## WHAT THIS TASK INVOLVES
Copy task, pictures excluded: set down exactly the lines from the one containing "Citroën monogramme visa" to the end of the data below.

(THE DATA begins)

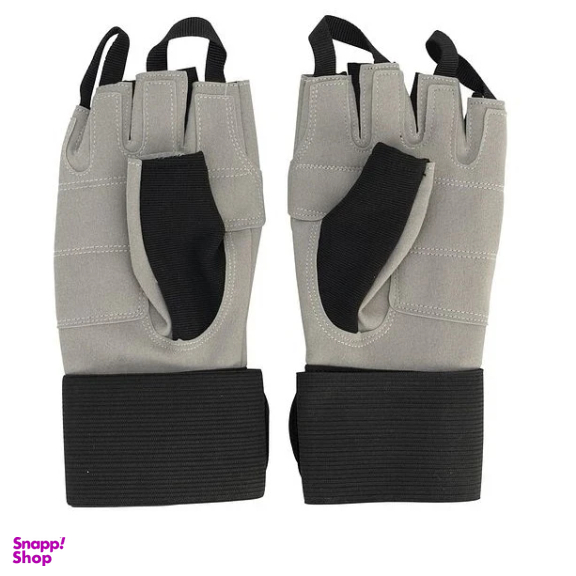 دستکش ورزشی مدل Superjofit Kne مجموعه 2 عددی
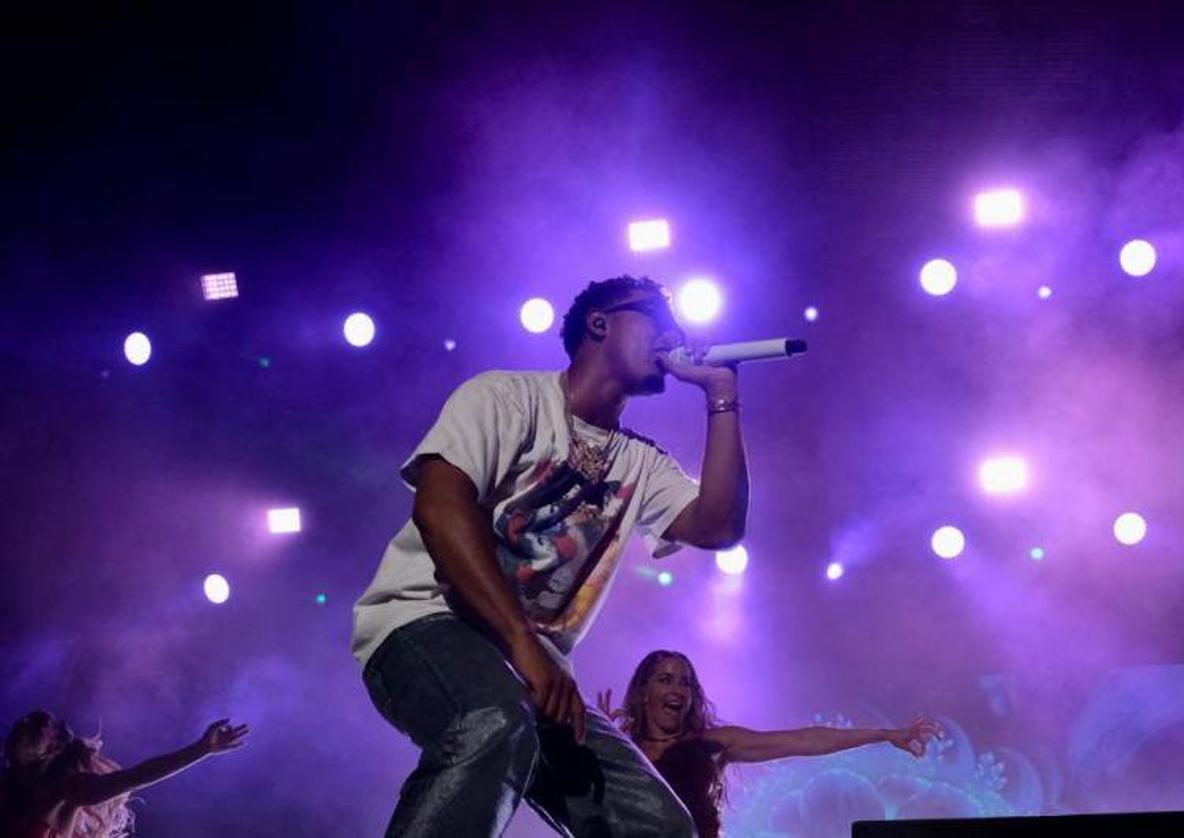 Take That, Camilo, Christian Nodal y Mike Towers se suman al Starlite Occident Marbella 2024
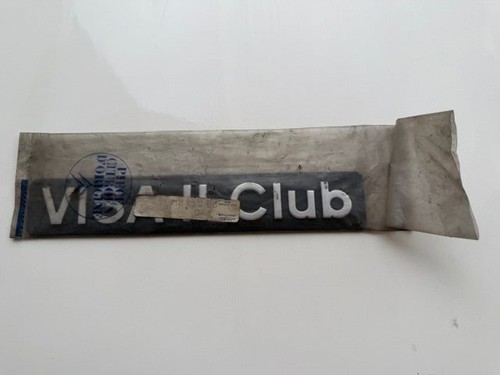 Citroën monogramme visa - citroËn,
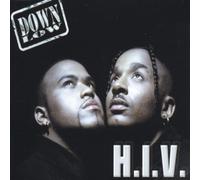 Down Low - H.I.V. [Import]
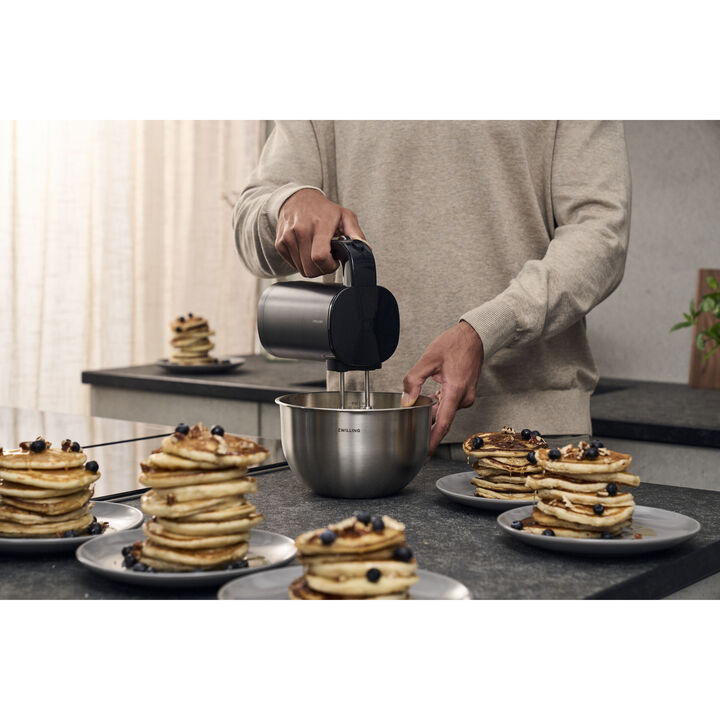 XTEND, Electrics Hand Mixer & Blender Bundle with Batteries, large 3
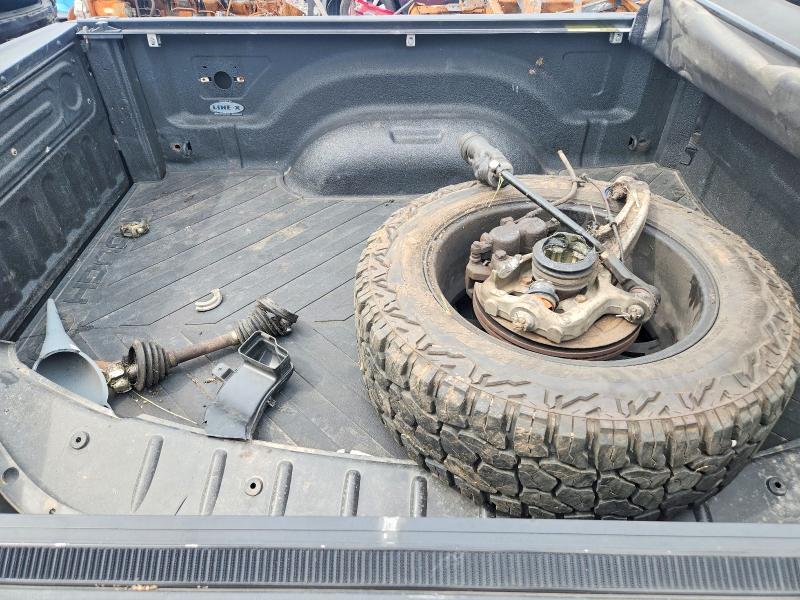 1C6RD7GT7CS184437 2012 DODGE RAM 1500 photo no. 12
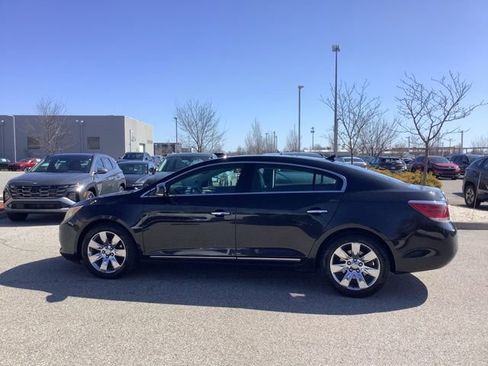 Used 2011 Buick LaCrosse CXL image 8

(THE DATA ends)

## ANSWER SPACE
 Citroën monogramme visa - citroËn,
 Down Low - H.I.V. [Import]
 XTEND, Electrics Hand Mixer & Blender Bundle with Batteries, large 3
 1C6RD7GT7CS184437 2012 DODGE RAM 1500 photo no. 12
 Used 2011 Buick LaCrosse CXL image 8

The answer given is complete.